On 9/21/07, Salau, Yemi <yemi.salau@siemens.com> wrote:
> Hello Joseph,
>
> Thanks for your contribution, I'm not overthinking this, just trying to
> save myself of having to configure this for over 10,000 multicast PCs.
> As in I'll have to configure that access-group on all the ports that
> connects to 10,000 PCs ... Init?
>
> If there is no better way to do this, then I will have to just take my
> fate yet again!
>
> Many Thanks
>
> Yemi Salau
>
> -----Original Message-----
> From: Joseph Brunner [mailto:joe@affirmedsystems.com]
> Sent: Thursday, September 20, 2007 7:24 PM
> To: Salau, Yemi; 'Matthew Long'
> Cc: ccielab@groupstudy.com
> Subject: RE: Client/PC Based Multicast Filtering
>
> Why over think this?
>
> Why not...
>
> !deny certain pc's from sending igmp v2 join's
> access-list 101 deny igmp host 10.10.10.x host 239.1.1.1
> !
> access-list 101 deny igmp host 10.10.10.x host 239.1.1.1
> !
> !permit the others
> access-list 101 permit igmp host 10.10.10.5 host 239.1.1.1
> !
> !deny all other igmp
> access-list 101 deny igmp any any
> !
> permit all else
> !
> access-list 101 permit ip any any
> !
> Apply
> int f0/0
> ip access-group 101 in
>
> I just did this in my lab... seems to work...
>
> -----Original Message-----
> From: nobody@groupstudy.com [mailto:nobody@groupstudy.com] On Behalf Of
> Salau, Yemi
> Sent: Thursday, September 20, 2007 12:32 PM
> To: Matthew Long; Joseph Brunner
> Cc: ccielab@groupstudy.com
> Subject: Client/PC Based Multicast Filtering
>
> I was faced with a task to prevent some PCs(Clients) from joining 2
> particular multicast groups. IGMPv2 is in use ...
>
> How would you go about this, considering the fact that there are some
> Clients in same subnet, connected at same layer2 point on the network,
> who should be able to receive the multicast traffic.
>
> I was thinking of ip igmp access-group, but this will only prevent (S,G)

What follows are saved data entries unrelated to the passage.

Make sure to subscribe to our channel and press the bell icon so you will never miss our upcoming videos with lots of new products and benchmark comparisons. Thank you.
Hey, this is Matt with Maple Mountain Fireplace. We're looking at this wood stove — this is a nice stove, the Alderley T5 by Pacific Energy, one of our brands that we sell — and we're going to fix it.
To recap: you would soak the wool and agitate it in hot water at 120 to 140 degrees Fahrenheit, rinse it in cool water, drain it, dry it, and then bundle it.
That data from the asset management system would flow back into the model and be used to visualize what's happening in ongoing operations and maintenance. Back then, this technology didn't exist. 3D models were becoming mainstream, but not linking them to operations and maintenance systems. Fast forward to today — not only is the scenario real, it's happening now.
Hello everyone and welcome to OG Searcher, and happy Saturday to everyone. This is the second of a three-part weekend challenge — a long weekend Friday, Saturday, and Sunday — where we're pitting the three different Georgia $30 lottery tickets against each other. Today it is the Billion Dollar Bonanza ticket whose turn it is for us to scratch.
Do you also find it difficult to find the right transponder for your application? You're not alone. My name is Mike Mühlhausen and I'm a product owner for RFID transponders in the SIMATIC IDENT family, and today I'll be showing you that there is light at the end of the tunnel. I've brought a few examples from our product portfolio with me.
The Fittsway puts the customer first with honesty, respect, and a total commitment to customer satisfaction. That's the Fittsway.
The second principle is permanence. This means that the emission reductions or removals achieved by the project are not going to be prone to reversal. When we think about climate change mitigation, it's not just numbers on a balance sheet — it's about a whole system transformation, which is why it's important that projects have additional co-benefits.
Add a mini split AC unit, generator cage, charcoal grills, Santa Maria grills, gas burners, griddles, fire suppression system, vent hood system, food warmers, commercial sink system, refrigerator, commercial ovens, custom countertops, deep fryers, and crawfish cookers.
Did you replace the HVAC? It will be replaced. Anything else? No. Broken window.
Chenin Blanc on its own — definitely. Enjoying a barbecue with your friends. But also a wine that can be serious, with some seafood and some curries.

> feeds, as in, it only controls access based on the source of the feed
> and also the destination multicast address. But my headache is around
> prevent certain PCs from joining certain groups, if I implement ip igmp
> access-group, all pcs would potentially be prevented from joining the
> group.
>
> Another one I'm thinking is mac access-list, but then I will have to do
> this on all vlans across 3 different sites. What's the simplest way of
> doing this?
>
> Any Fresh ideas will be appreciated as my head is just too hot at the
> moment!
>
> Many Thanks
>
> Yemi Salau
>
> _______________________________________________________________________
> Subscription information may be found at:
> http://www.groupstudy.com/list/CCIELab.html
>
> _______________________________________________________________________
> Subscription information may be found at:
> http://www.groupstudy.com/list/CCIELab.html

• Next message: Guyler, Rik: "RTP dates available in March"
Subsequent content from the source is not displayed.